### REQUIRED ACTION
Using the listing below, copy exactly the lines from the one containing "مصرع طفل في" to the one containing "Advan RG-D2 18x9.5", both lines included, and no others.

━━━━━━━━

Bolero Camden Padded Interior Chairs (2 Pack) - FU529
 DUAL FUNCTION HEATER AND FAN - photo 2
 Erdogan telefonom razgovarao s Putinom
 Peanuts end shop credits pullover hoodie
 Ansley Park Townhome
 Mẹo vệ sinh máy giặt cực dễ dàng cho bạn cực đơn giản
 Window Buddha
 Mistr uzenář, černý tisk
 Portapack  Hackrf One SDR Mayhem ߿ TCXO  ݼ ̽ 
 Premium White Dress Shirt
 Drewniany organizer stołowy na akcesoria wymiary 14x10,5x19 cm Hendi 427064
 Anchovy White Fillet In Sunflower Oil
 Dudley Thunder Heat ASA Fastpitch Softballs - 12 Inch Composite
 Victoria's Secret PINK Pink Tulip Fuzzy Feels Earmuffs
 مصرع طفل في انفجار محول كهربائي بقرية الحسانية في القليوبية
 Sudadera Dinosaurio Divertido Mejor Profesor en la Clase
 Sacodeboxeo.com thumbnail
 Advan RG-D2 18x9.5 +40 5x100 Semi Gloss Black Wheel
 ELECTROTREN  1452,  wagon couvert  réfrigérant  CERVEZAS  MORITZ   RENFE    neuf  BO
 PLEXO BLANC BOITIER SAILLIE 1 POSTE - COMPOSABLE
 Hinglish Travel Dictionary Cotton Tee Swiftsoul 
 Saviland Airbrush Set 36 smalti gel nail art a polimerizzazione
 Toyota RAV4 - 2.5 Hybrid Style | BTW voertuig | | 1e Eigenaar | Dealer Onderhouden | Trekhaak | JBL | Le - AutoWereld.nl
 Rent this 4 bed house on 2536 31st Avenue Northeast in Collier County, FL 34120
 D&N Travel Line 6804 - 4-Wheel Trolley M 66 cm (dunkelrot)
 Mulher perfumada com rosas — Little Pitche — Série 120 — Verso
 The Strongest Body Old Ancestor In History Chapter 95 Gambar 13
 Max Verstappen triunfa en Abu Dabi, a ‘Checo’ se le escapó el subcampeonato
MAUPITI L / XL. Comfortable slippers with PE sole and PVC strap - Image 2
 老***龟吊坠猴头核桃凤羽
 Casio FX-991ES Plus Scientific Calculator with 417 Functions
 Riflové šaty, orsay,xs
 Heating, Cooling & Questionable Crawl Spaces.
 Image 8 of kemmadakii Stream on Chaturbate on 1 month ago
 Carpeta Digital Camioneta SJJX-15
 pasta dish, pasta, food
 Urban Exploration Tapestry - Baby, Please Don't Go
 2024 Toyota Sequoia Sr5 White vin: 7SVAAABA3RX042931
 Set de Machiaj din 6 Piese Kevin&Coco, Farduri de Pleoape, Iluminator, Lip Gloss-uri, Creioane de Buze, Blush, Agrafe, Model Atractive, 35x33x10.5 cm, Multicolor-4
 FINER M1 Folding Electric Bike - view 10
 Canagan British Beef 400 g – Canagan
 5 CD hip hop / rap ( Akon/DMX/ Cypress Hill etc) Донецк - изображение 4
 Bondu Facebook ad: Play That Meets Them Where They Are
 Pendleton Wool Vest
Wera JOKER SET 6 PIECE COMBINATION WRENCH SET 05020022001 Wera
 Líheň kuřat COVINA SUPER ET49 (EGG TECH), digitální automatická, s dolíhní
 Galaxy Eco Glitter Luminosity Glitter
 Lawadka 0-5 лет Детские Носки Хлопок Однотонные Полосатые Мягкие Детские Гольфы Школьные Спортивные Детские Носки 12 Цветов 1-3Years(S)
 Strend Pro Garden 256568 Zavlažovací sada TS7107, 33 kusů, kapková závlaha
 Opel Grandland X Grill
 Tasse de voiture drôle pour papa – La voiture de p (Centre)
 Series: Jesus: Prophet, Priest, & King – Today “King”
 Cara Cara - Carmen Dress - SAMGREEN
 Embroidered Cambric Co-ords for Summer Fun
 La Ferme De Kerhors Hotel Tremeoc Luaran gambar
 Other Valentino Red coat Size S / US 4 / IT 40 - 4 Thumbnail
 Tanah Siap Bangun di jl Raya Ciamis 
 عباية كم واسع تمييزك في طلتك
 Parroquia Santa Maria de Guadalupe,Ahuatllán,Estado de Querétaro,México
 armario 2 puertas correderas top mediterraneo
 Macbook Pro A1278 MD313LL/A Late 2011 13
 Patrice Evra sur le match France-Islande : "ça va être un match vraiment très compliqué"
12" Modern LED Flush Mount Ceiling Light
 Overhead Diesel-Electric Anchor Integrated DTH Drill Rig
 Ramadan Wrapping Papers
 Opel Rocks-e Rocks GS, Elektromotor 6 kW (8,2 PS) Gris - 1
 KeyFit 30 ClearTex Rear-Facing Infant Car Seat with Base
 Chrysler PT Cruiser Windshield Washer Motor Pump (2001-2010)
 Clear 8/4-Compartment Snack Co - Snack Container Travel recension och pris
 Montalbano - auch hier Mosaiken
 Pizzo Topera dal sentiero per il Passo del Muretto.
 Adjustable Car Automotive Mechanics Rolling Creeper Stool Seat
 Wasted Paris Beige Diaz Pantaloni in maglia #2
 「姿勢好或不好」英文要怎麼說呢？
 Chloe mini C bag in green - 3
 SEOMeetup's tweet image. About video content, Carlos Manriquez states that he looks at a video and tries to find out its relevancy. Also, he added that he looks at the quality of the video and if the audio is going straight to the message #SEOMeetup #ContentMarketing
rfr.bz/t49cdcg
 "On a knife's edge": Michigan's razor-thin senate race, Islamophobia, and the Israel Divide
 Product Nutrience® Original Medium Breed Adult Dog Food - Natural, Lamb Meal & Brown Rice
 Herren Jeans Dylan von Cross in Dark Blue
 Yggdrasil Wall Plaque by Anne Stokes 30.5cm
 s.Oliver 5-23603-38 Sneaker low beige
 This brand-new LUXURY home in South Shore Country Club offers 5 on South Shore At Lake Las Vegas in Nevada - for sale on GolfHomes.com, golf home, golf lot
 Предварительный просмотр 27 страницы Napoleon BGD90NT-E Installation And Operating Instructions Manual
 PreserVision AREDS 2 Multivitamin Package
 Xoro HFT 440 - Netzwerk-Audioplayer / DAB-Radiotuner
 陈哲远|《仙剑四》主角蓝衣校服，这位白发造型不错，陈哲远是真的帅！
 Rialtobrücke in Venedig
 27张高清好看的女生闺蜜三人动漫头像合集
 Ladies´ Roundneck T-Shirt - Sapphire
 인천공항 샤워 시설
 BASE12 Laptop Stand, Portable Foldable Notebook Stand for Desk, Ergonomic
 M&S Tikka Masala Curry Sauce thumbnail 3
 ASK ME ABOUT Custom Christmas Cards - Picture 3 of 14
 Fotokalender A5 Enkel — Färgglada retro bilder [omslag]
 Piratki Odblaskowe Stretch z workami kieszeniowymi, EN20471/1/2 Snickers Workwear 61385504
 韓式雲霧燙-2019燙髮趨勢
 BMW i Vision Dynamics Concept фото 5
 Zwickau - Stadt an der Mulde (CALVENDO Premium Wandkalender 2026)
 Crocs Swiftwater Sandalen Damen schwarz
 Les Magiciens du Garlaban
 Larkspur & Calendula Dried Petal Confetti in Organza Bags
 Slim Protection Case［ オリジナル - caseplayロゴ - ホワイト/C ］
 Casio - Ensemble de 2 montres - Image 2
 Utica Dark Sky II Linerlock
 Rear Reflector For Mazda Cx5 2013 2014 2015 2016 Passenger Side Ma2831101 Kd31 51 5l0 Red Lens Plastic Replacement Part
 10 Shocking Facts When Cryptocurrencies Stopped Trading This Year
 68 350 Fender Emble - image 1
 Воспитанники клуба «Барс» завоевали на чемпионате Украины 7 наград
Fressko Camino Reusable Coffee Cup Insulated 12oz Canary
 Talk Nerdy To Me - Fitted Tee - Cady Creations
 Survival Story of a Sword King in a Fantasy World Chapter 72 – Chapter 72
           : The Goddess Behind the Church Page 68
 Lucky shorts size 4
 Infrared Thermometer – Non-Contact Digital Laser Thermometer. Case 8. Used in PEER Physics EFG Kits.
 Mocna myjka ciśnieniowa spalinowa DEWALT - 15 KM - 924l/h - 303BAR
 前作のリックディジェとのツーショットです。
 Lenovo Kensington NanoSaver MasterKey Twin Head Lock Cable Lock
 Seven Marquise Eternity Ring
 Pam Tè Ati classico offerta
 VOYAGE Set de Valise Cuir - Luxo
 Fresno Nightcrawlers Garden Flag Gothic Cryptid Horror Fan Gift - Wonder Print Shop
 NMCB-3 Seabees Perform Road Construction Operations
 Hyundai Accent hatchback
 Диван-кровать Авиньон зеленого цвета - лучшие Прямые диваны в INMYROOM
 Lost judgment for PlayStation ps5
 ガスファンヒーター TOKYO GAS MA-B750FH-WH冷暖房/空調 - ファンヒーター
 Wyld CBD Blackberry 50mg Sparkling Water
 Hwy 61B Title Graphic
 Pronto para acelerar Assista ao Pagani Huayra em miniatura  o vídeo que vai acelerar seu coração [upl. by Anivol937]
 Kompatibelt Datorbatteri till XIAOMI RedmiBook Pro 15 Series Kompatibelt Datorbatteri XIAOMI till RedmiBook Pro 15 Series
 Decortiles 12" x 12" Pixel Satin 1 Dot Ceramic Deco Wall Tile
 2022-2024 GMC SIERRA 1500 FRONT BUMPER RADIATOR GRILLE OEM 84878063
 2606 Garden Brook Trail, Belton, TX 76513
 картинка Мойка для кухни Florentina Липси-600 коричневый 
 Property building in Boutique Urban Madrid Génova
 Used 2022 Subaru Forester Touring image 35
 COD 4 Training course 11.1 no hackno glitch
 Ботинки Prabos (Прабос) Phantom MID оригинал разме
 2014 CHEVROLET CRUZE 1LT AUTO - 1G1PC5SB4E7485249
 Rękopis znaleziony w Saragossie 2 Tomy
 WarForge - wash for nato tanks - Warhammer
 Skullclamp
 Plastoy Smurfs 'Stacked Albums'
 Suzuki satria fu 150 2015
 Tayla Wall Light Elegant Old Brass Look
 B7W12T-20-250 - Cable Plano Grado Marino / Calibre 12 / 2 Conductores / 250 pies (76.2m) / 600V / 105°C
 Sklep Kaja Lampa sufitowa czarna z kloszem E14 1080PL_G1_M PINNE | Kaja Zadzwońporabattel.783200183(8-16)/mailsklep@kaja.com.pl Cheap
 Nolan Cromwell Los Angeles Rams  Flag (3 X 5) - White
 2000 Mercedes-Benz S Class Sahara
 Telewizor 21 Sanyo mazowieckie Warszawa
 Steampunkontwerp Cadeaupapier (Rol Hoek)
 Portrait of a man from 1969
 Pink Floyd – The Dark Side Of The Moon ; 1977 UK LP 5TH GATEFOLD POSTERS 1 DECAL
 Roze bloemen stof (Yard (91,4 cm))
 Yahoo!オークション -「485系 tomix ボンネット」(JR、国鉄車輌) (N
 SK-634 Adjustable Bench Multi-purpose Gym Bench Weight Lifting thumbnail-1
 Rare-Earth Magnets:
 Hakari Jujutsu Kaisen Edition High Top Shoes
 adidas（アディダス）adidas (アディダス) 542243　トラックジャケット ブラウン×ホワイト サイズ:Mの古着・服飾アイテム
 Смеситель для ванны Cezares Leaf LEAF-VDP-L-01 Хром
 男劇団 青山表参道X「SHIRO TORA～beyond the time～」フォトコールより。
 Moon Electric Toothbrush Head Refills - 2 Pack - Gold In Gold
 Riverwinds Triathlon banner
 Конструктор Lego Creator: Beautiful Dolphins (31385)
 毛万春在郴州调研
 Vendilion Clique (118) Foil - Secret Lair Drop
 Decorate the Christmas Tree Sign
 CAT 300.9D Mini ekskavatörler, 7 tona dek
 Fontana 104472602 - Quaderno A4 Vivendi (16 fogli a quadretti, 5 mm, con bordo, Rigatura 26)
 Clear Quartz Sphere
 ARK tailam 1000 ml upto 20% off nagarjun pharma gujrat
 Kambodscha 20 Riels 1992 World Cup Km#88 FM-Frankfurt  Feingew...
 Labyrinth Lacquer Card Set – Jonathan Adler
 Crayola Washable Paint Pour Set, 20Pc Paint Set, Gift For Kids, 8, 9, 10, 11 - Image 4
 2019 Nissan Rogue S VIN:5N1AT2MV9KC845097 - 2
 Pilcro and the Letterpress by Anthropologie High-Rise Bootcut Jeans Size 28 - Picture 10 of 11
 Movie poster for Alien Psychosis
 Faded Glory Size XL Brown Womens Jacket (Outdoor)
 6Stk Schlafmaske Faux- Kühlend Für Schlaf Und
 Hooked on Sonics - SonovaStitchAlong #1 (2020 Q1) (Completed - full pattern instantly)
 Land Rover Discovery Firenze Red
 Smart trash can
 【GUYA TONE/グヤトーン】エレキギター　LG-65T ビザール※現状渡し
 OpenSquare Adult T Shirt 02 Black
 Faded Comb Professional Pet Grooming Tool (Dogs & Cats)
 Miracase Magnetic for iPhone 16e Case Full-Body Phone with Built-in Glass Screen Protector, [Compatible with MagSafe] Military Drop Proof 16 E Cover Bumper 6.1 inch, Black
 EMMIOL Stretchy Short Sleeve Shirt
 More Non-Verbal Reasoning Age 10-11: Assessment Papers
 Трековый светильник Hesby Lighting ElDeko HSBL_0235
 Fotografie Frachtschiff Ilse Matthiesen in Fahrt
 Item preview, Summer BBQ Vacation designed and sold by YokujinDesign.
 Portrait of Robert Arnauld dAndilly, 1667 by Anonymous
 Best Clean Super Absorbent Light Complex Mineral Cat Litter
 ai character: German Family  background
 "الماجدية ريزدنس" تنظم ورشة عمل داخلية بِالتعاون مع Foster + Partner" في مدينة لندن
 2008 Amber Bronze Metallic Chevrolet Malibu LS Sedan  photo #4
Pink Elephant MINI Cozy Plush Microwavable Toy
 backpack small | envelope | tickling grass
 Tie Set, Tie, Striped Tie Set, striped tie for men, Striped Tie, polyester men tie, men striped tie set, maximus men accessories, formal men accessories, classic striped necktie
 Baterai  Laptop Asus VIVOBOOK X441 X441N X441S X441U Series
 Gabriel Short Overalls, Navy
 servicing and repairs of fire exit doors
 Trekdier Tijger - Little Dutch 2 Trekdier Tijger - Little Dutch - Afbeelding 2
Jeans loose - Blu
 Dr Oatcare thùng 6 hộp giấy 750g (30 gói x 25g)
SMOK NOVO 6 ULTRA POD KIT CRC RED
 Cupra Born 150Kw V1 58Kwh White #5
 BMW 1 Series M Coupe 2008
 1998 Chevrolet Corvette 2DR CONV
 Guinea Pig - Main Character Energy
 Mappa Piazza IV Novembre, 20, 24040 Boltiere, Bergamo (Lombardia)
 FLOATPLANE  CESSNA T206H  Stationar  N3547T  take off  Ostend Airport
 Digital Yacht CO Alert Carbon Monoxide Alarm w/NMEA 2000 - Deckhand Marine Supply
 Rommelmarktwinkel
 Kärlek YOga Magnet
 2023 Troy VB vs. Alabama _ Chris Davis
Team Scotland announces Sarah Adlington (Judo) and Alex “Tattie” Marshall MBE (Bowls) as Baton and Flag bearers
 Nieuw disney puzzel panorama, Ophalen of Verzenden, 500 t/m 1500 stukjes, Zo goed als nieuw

━━━━━━━━

### FINISHED TASK
 مصرع طفل في انفجار محول كهربائي بقرية الحسانية في القليوبية
 Sudadera Dinosaurio Divertido Mejor Profesor en la Clase
 Sacodeboxeo.com thumbnail
 Advan RG-D2 18x9.5 +40 5x100 Semi Gloss Black Wheel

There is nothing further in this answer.